He knew the care and love of the woman who bathed his feet with the expensive ointment.

He knew the weakness of friends, who could not remain awake, persisting in sleep in the face of a neighbor's tragedy.

He knew the conniving of an associate who may have thought that arrest would force Jesus to use his power.

He knew the hatred and violence of a temple and state that would exert full power over the weakest of our society.

Yet Simon, Alexander and Rufus became believers in the face of this. The Centurion makes a profession faith that "Truly this man was the Son of God!"

We know the care of friends, and the closer the friends have been we have seen as well their weakness, and we have had so-called friends that did not stand by us. And we know the power of society and government to wage a war against the truth.

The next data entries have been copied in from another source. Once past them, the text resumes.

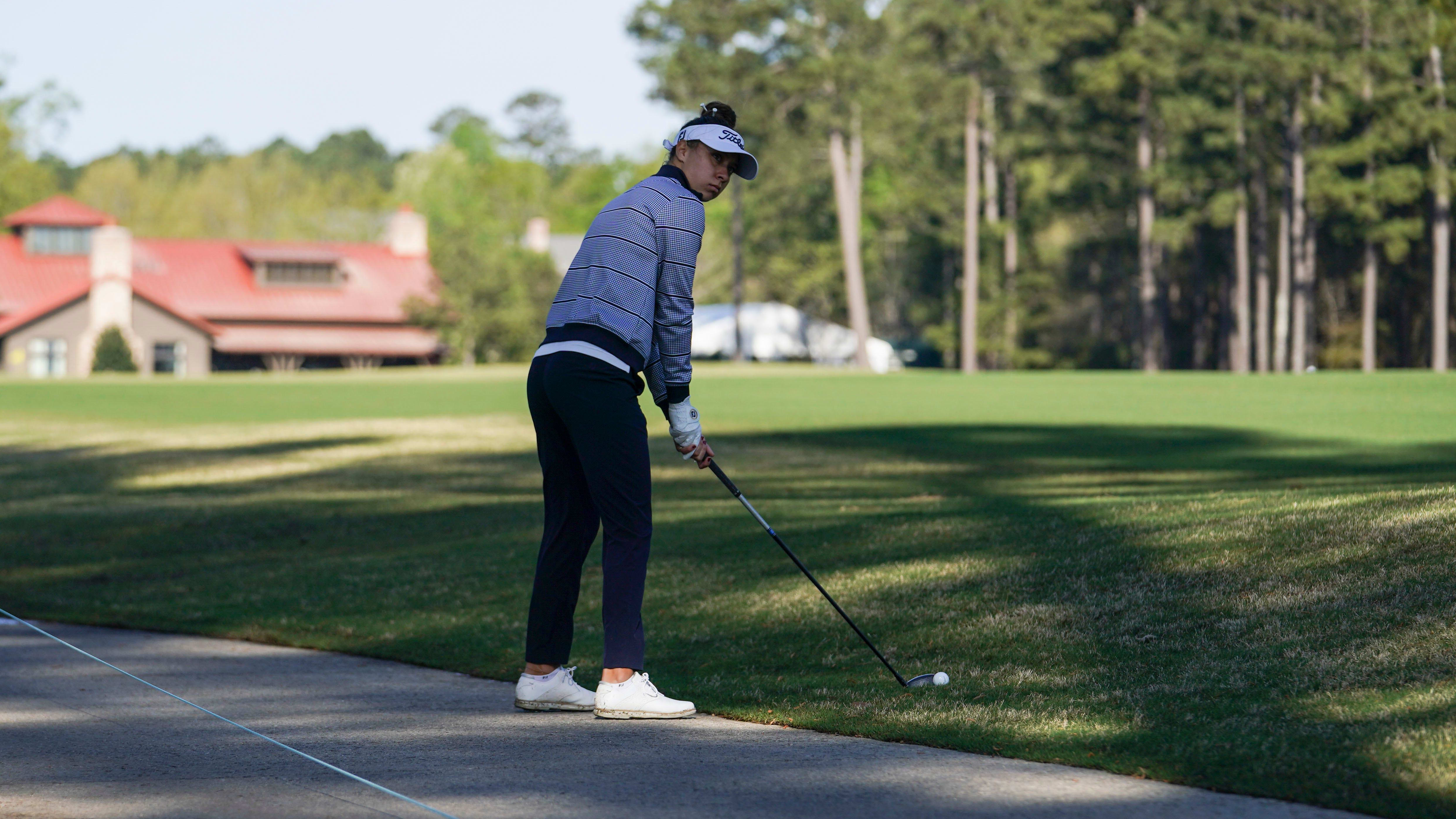 Anna Davis hits from the rough on the first fairway during the first round of the Augusta National Women's Amateur.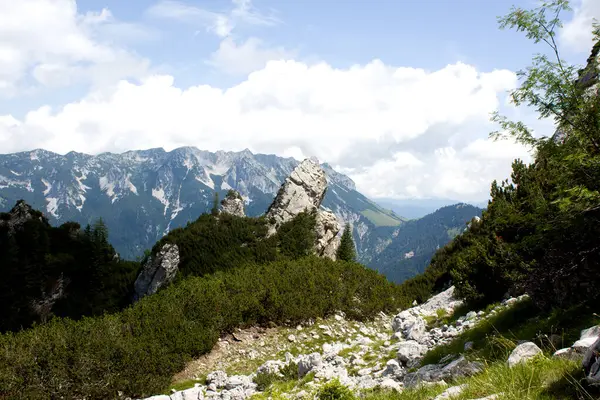 Yuvarlanan tepeler ve yoğun yeşillikler arasında yüksek bir kaya oluşumunun durduğu Avusturya 'nın şaşırtıcı kayalık arazisini deneyin. Arkaplanda parçalı bulutlu gökyüzünün altında görkemli dağlar var.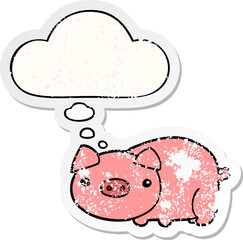 cartoon pig and thought bubble as a distressed worn sticker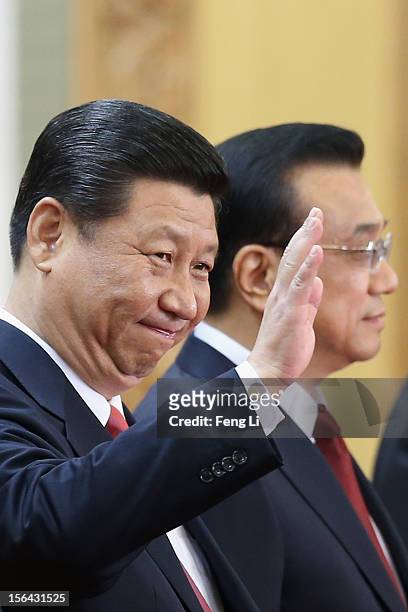 Members of the new Politburo Standing Committee Xi Jinping and Li Keqiang greet the media at the Great Hall of the People on November 15, 2012 in...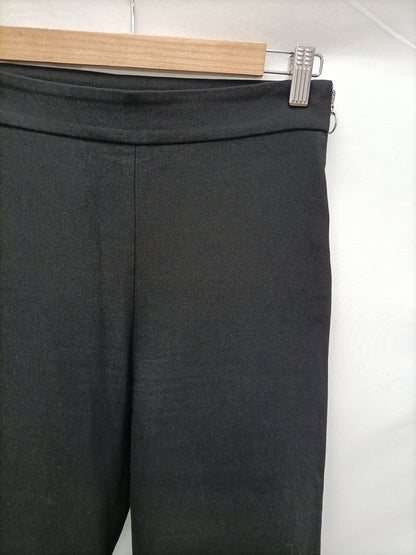 ZARA. Pantalón negro volantes T.xs
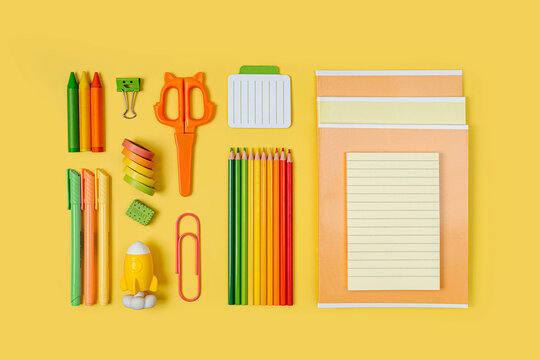 Kids stationery is arranged neatly on yellow background. Primary School stationery supplies. Workplace organization. Concept back to school.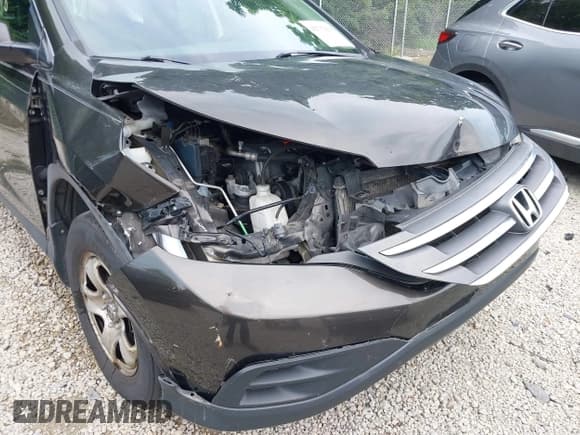 ✅ 2013 Honda CR-V LX • VIN: 5J6RM4H33DL065828 • Лот: 42732918. Опубликован ранее на IAAI с пробегом 301 289 миль. Бесплатный доступ к архиву аукционных продаж из США и подробный отчёт об истории автомобиля на DreamBid. Изображение 6.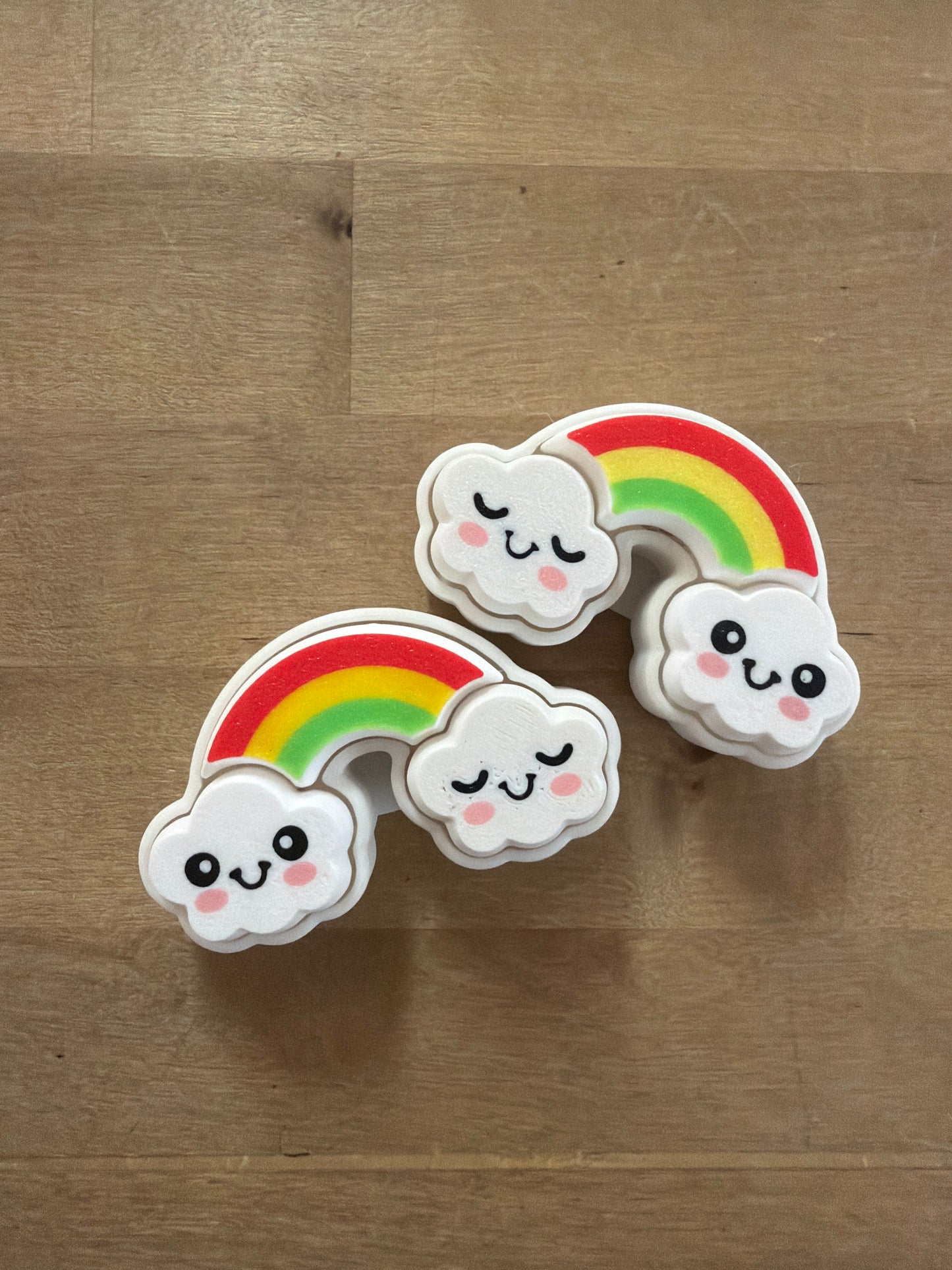 Kawaii rainbow cloud erasers with smiley faces, red yellow green stripes, white foam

But do we allow the struggles and tragedies of our lives make us doubt or turn away? No, this is when we take up the silence of Jesus who came and traveled this way for us and before us.

And now we see this cross as where our sins our destroyed, and where Jesus has turned this darkness in to light and life, we shall find this light and this life in Him, if we but belong to him and are found in him.

So let us mark this week as Holy. It is the center of our year. Let nothing else be found to be more important, because we are loath to be chasing shadows.

The centurion who came to faith had his life completely changed by this event. May it turn us too, so with him today and everyday for the rest of our lives , in whatver joy or sorrow, we acclaim, "Truly this man was the Son of God!"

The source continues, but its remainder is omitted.